Aravive Announces AVB-500 Improves Anti-Tumor Effects when Combined with Anti-Angiogenic Bevacizumab or PARP Inhibitor Olaparib in Preclinical Models of Uterine Cancer
Inhibition of GAS6/AXL signaling induces ‘BRCAness’ in preclinical model of ovarian cancer, increasing response to platinum chemotherapy and PARP inhibitor
Multiple Abstracts Published on Website of the Society for Gynecologic Oncology 2020 Annual Meeting
Recorded Webcast and Posters to be Published on Aravive Website
HOUSTON, March 30, 2020 (GLOBE NEWSWIRE) -- Aravive, Inc. (Nasdaq: ARAV), a clinical-stage biopharmaceutical company, announced that AVB-500 improves anti-tumor effects when combined with the anti-angiogenic bevacizumab or the PARP inhibitor olaparib in pre-clinical uterine cancer models. Additional research also showed that inhibition of GAS6/AXL signaling with AVB-500 induces ‘BRCA-ness’, increasing response to platinum and PARPi in a preclinical model of ovarian cancer. Taken together, these research findings suggest the potential for AVB-500 to be used in combination with existing therapies to address multiple gynecologic cancers.
The data were to be presented at the Society of Gynecologic Oncology (SGO) 2020 Annual Meeting on Women’s Cancer which has been cancelled due to the ongoing COVID-19 pandemic. The following abstracts were published Saturday March 28, 2020 on the SGO meeting website, and a recorded webcast of the oral plenary presentation as well as the posters will be made available on the Aravive website in the coming weeks.
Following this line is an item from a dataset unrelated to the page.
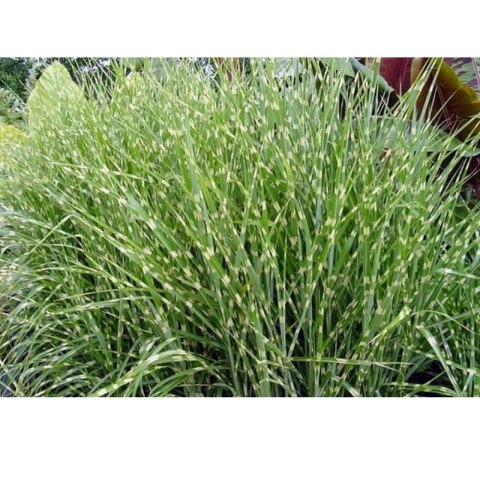 Miskant chiński - Miscanthus sinensis 'Zebrinus' ROŚLINY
- Oral Plenary: Abstract 15271, “AVB500, a receptor tyrosine kinase AXL inhibitor, has improved therapeutic efficacy in combination with bevacizumab compared to bevacizumab alone in uterine serous cancer mouse model,” Michael Toboni, M.D., et al.
- Poster: Abstract 15964, “Inducing 'BRCAness' by inhibiting the GAS6/AXL pathway in high-grade serous ovarian cancer,” Maggie Mullen, M.D., et al.
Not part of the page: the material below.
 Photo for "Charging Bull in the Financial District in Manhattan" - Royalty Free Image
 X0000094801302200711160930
- Poster: Abstract 15185, “Improving response to olaparib in uterine serous cancer through treatment with AVB a receptor tyrosine kinase AXL inhibitor,” Michael Toboni, M.D., et al.
“We are excited to share our findings that the combination of AVB-500 with either platinum chemotherapy or with an anti-angiogenic agent, bevacizumab, or a PARP inhibitor, olaparib, can decrease tumor burden to a greater degree than with the single agent alone in ovarian and uterine serous cancer models,” said Katherine Fuh, M.D., Ph.D., Assistant Professor, Department of Obstetrics and Gynecology, Division of Gynecologic Oncology, Center for Reproductive Health Sciences, Washington University School of Medicine, St. Louis, MO. “Combining AVB-500 with standard of care chemotherapies and targeted therapies may potentially make these therapies more effective against aggressive cancers without adding a treatment burden to patients.”
About AVB-500
AVB-500 is a therapeutic recombinant fusion protein that has been shown to neutralize GAS6 activity by binding to GAS6 with very high affinity. In doing so, AVB-500 selectively inhibits the GAS6-AXL signaling pathway. In preclinical studies, GAS6-AXL inhibition has shown anti-tumor activity, both as a single agent and in combination with a variety of anticancer therapies including radiation therapy, immuno-oncology agents and chemotherapeutic drugs that affect DNA replication and repair. Increased expression of AXL and GAS6 in tumors is correlated to poor prognosis and survival, and has been implicated in therapeutic resistance to conventional chemotherapeutics and targeted therapies.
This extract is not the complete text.